Need Gmail Address Extractor


Recommended Posts

Hey all,

 

I have an inbox of about 20,000 emails now.

 

I would like a bot to go in and take out and save the email addresses into a text file.

 

I know your suppose to turn Gmail into HTML mode.

 

But what is the right way about scripting this? Scrape page? Chooose by attribute?

 

Does anyone have a sample script I could run off, I've just got myself really confused

trying to do it. Just trying to figure in my head what the script should look like. I've made

plenty of bots now, but none did any scraping I think.

 

Thanks for any replies,

Gilesy

Link to post
Share on other sites

Im not sure if gmail allows to connect to the server using pop. But if so your are looking for connect to mail server, then use the create table from email command.

 

This can be done pretty easy once you create the table. I will make an example in a few and post. Just extremely busy at the moment.

Link to post
Share on other sites

About year ago I was done this by Ubot 3.5.If You have 3.5 I can pass script.My script did it when reading emails with page scrape --- left side-><H3><FONT color=#00681c><B> right side -> > </TD> then replace -></B> </FONT></H3>< with , and add to list.

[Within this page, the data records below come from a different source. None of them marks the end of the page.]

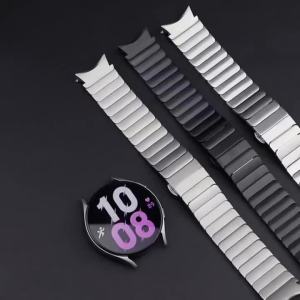 Luxury Titanium color Band for Samsung Galaxy Watch 6 4Classic 47mm 43mm 7 6 5 4 40mm 44mm Metal Stainless Steel Bracelet Strap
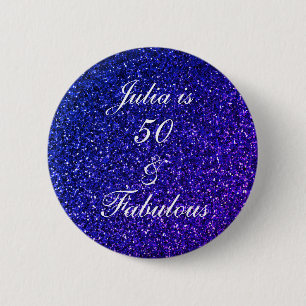 Badge Rond 5 Cm 50 Et Fabuleux Anniversaire Bleu Blanc Parties sci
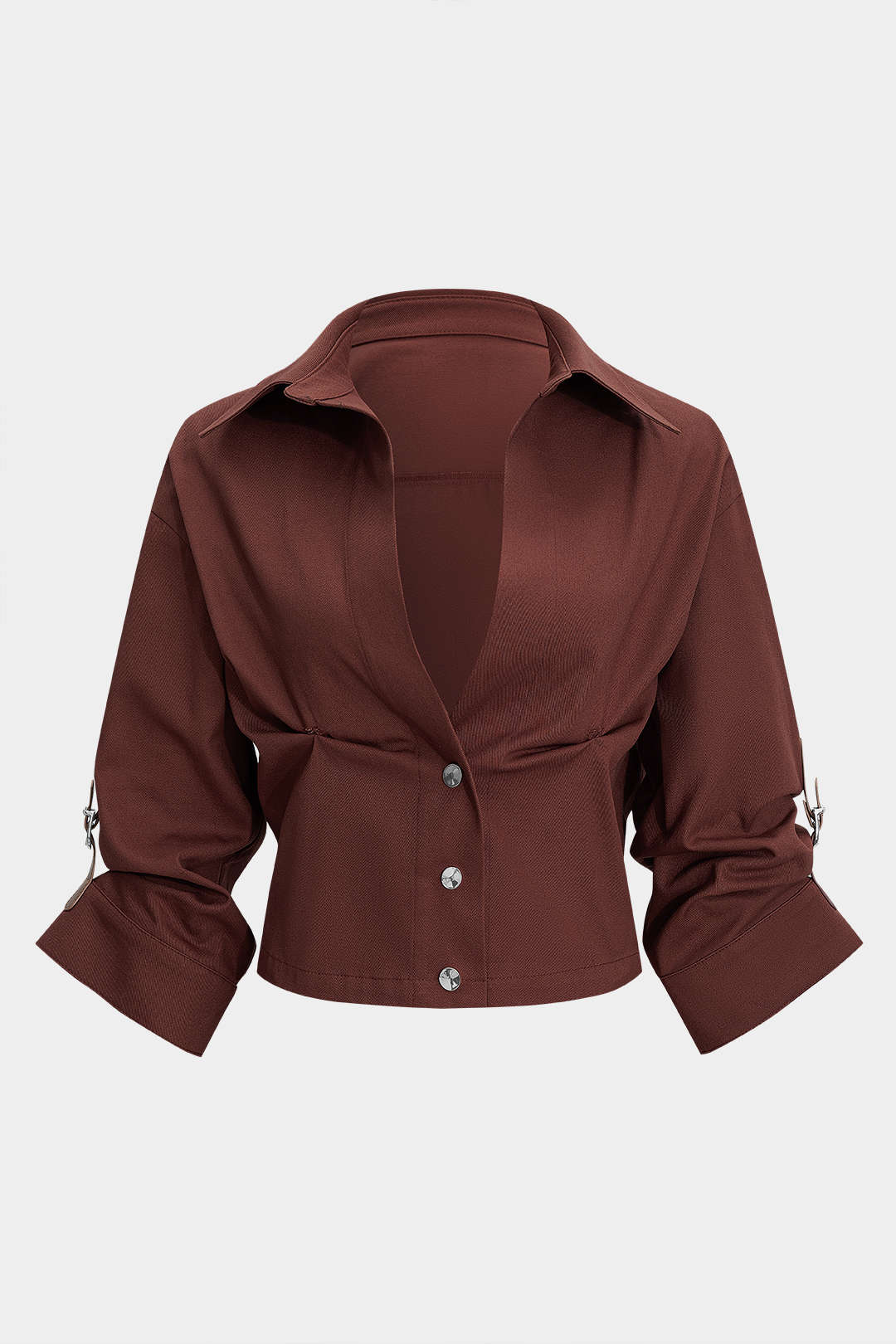 "Button Ruched Short-Sleeve Shirt"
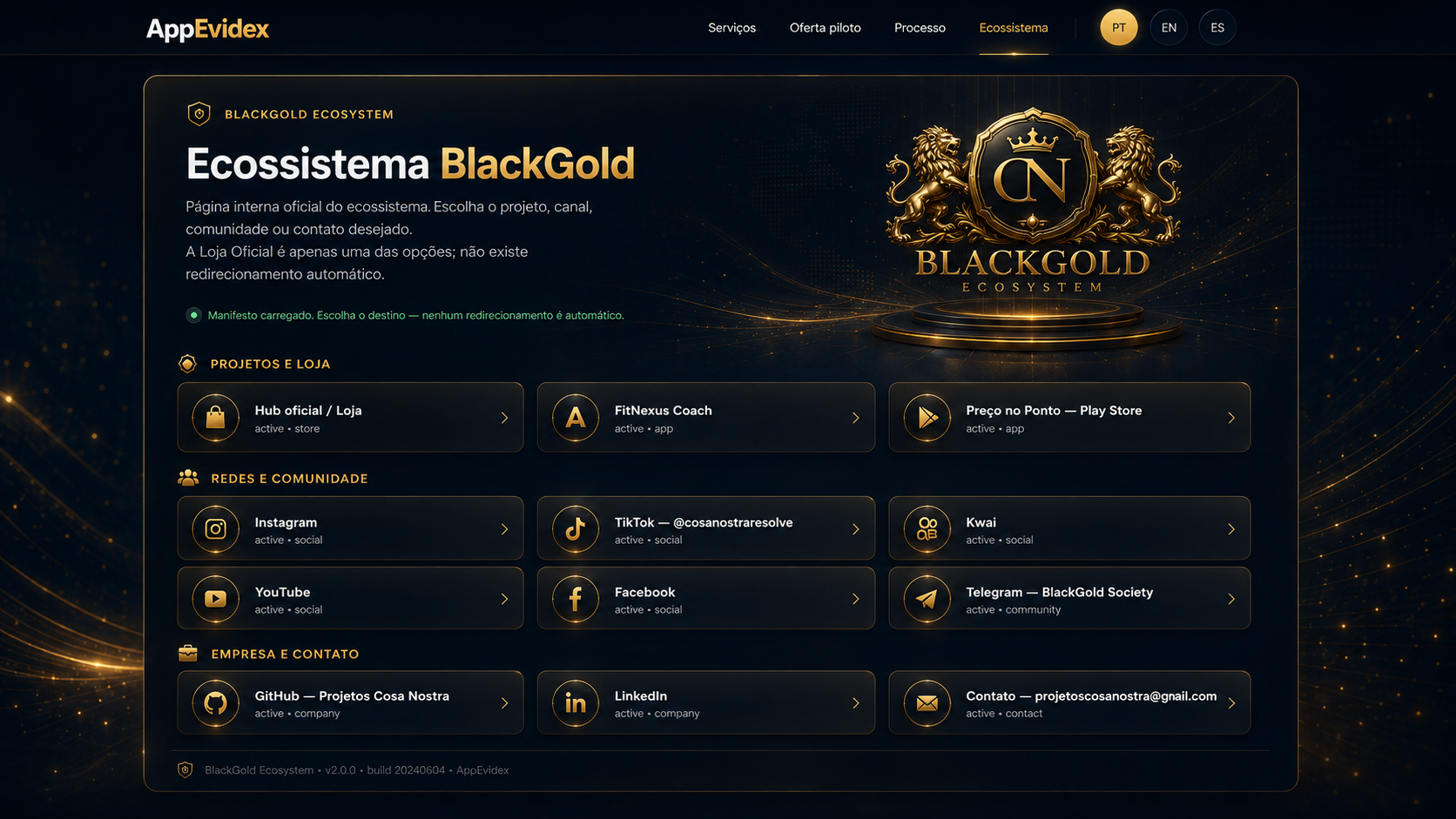 Ecossistema BlackGold — layout premium aprovado
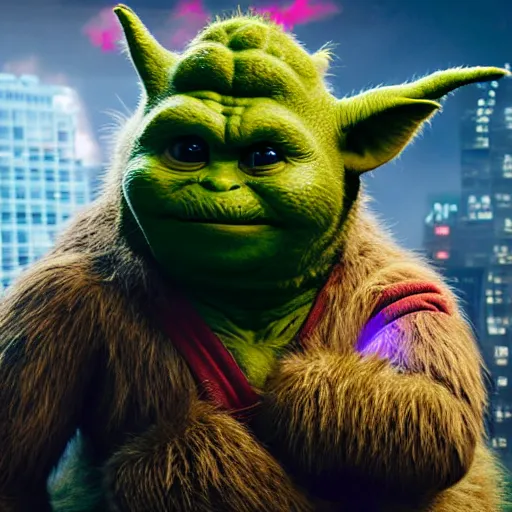 Image similar to ryan reynolds godzilla yoda donkey kong pikachu yeti shrek super mario homer groot waluigi darth vader mike wazowski, highly detailed, extremely high quality, hd, 4 k, 8 k, professional photographer, 4 0 mp, lifelike, top - rated, award winning, cinematic, realistic, detailed lighting, detailed shadows, sharp, no blur, edited, corrected, trending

I think via Ubot 4 it will be peace of cake to do it.

Link to post
Share on other sites

Here you are, I created the bot for you (and for everybody else with the same need to scrape the email addresses in Gmail). I have tried to make it really generic so although this is tested with Swedish as the locale, it should work for other languages as well. This bot saves the list that contains the scraped email addresses every 20nd time an email address is scraped. You can change that, I put the frequency in a variable called #saveInterval .

 

 

 

 

ui text box("Email", #email)
ui text box("Password", #password)
ui save file("File with emails", #emailFile)
ui stat monitor("Num of scraped email addresses", #i)
set user agent("Internet Explorer 9")
set(#i, 0, "Global")
navigate("http://www.google.se/", "Wait")
set(#saveInterval, 20, "Global")
click(<innertext="Gmail
">, "Left Click", "No")
wait for browser event("Everything Loaded", "")
type text(<name="Email">, #email, "Standard")
type text(<name="Passwd">, #password, "Standard")
click(<outerhtml="<input type=\"submit\" class=\"g-button g-button-submit\" name=\"signIn\" id=\"signIn\" value=\"Sign in\">">, "Left Click", "No")
wait for element(<href=w"https://mail.google.com/mail/h/*/?logout*">, "", "Appear")
set(#baseURL, $url, "Global")
clear list(%emails)
add list to list(%emails, $scrape attribute(<outerhtml=w"<a href=\"?*v=c&*th=*\">*</a>">, "fullhref"), "Delete", "Global")
set(#mailsPerPage, 50, "Global")
set(#nextEmailCount, #mailsPerPage, "Global")
loop while($exists(<outerhtml=w"<a href=\"?&st={#nextEmailCount}\">*</a>">)) {
   click(<outerhtml=w"<a href=\"?&st={#nextEmailCount}\">*</a>">, "Left Click", "No")
   wait for browser event("Everything Loaded", "")
   add list to list(%emails, $scrape attribute(<outerhtml=w"<a href=\"?*v=c&*th=*\">*</a>">, "fullhref"), "Delete", "Global")
   set(#nextEmailCount, $eval($add(#nextEmailCount, #mailsPerPage)), "Global")
}
set(#i, 0, "Global")
clear list(%emailAddress)
loop($list total(%emails)) {
   set(#tmpURL, $list item(%emails, #i), "Global")
   navigate(#tmpURL, "Wait")
   wait for browser event("Everything Loaded", "")
   add list to list(%emailAddress, $scrape attribute(<outerhtml=w"<td> <a href=\"?&redir=?*&a=st&at=*&m=*\">* <*@*> </td>">, "innertext"), "Delete", "Global")
   increment(#i)
   if($comparison($eval("{#i} % {#saveInterval}"), "=", 0)) {
       then {
           save to file(#emailFile, %emailAddress)
       }
   }
   wait(1)
}
save to file(#emailFile, %emailAddress)
click(<href=w"https://mail.google.com/mail/*?logout*">, "Left Click", "No")

 

 

If the output is not 100% what you wanted, I am sure you can fiddle with the scraping details.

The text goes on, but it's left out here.